**Exercise aim:** Begin your copy at the line that contains "McLeod Tuner Series" and carry it on, exactly, to the last line of the material below.

**Data under study:**
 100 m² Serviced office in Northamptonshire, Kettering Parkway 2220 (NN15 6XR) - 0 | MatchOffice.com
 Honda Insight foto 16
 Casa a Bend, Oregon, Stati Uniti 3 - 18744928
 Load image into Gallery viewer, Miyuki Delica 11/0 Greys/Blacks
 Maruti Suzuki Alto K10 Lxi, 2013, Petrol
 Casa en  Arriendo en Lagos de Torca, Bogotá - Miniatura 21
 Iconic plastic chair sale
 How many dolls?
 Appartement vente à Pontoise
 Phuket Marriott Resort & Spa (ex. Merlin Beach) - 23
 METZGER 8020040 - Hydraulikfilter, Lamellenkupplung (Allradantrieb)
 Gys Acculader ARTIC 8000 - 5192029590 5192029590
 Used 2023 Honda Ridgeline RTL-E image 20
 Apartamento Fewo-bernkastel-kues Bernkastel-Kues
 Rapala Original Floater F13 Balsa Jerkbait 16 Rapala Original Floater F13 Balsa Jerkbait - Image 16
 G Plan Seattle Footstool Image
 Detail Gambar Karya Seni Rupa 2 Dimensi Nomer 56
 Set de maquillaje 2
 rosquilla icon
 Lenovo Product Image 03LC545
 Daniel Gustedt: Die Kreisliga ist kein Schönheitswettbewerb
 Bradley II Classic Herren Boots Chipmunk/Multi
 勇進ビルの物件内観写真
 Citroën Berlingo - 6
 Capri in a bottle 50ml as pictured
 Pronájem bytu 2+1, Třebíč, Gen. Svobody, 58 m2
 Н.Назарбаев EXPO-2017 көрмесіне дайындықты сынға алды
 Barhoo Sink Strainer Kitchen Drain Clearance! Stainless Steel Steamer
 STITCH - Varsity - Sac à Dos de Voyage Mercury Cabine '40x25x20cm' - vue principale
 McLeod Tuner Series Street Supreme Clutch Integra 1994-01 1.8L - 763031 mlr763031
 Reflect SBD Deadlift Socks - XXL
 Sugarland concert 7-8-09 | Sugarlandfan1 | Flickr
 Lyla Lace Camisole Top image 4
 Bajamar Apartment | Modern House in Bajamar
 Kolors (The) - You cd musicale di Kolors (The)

**Answer box:**
 McLeod Tuner Series Street Supreme Clutch Integra 1994-01 1.8L - 763031 mlr763031
 Reflect SBD Deadlift Socks - XXL
 Sugarland concert 7-8-09 | Sugarlandfan1 | Flickr
 Lyla Lace Camisole Top image 4
 Bajamar Apartment | Modern House in Bajamar
 Kolors (The) - You cd musicale di Kolors (The)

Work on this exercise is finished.